WHAT YOU WILL DO - Restate word for word the lines of the entries below, starting with the line that holds "Xe Mitsubishi Outlander 2.0 CVT 2022" and ending with the line that holds "White and Blue Short Sleeve Blouse", and no others.

GIVEN DATA -

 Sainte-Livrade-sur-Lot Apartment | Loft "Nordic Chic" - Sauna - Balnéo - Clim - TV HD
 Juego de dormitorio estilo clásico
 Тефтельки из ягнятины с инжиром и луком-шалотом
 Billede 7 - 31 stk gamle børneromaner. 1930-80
---
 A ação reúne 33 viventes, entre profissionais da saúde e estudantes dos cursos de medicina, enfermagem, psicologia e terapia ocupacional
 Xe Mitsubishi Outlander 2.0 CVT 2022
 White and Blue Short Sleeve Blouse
...
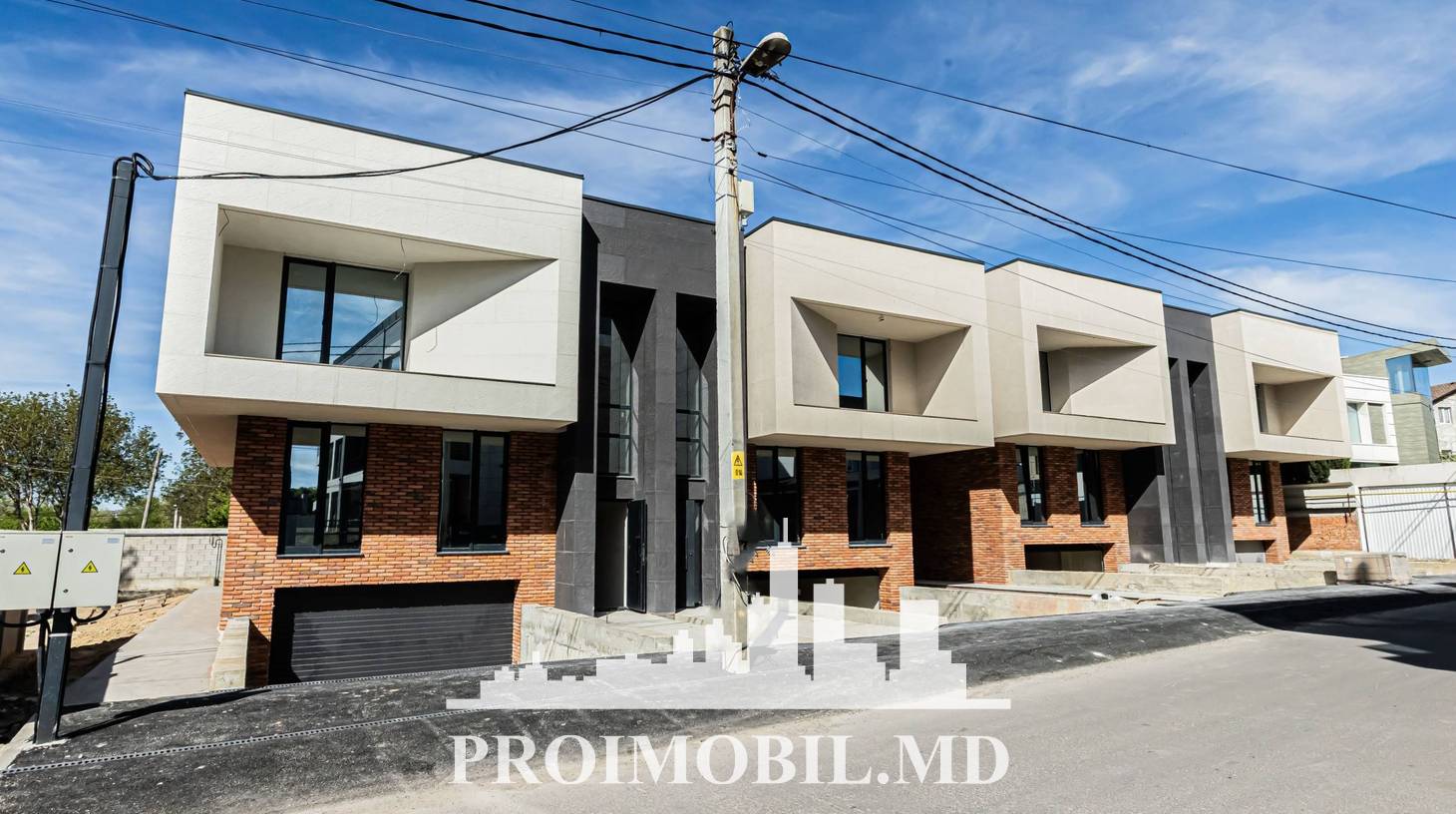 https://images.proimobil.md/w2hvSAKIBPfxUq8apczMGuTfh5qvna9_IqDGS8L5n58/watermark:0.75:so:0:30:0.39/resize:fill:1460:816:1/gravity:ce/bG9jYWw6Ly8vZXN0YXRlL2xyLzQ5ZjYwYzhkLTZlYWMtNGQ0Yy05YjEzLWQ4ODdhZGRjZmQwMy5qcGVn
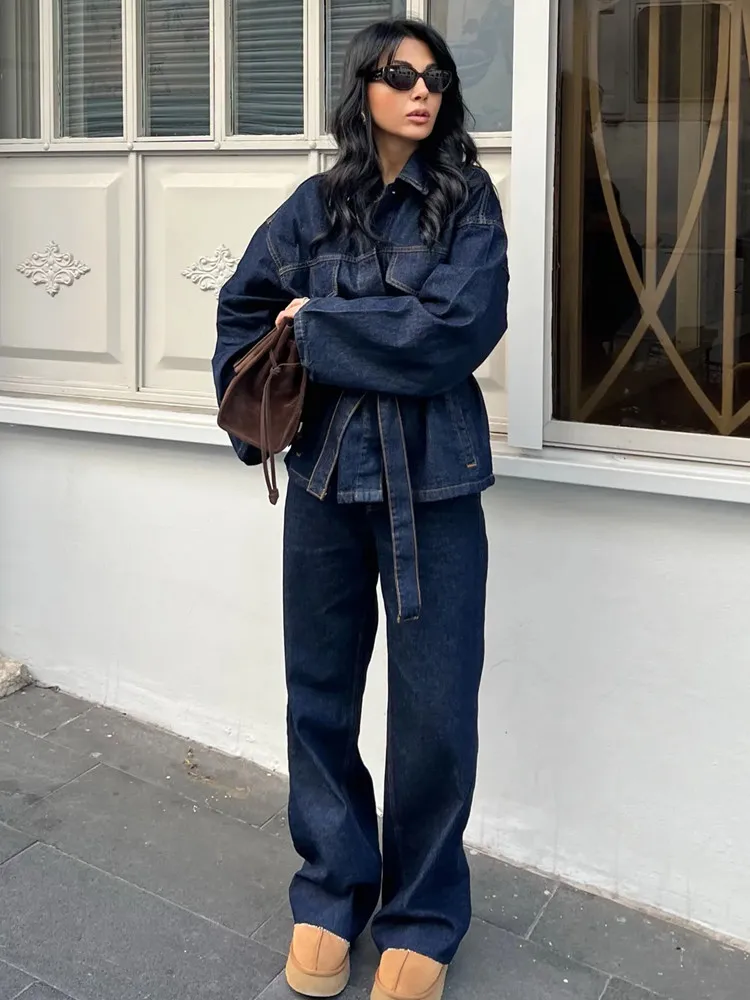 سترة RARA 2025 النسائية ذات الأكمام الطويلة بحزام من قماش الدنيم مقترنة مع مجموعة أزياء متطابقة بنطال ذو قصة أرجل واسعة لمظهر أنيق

TASK ANSWER -
 Xe Mitsubishi Outlander 2.0 CVT 2022
 White and Blue Short Sleeve Blouse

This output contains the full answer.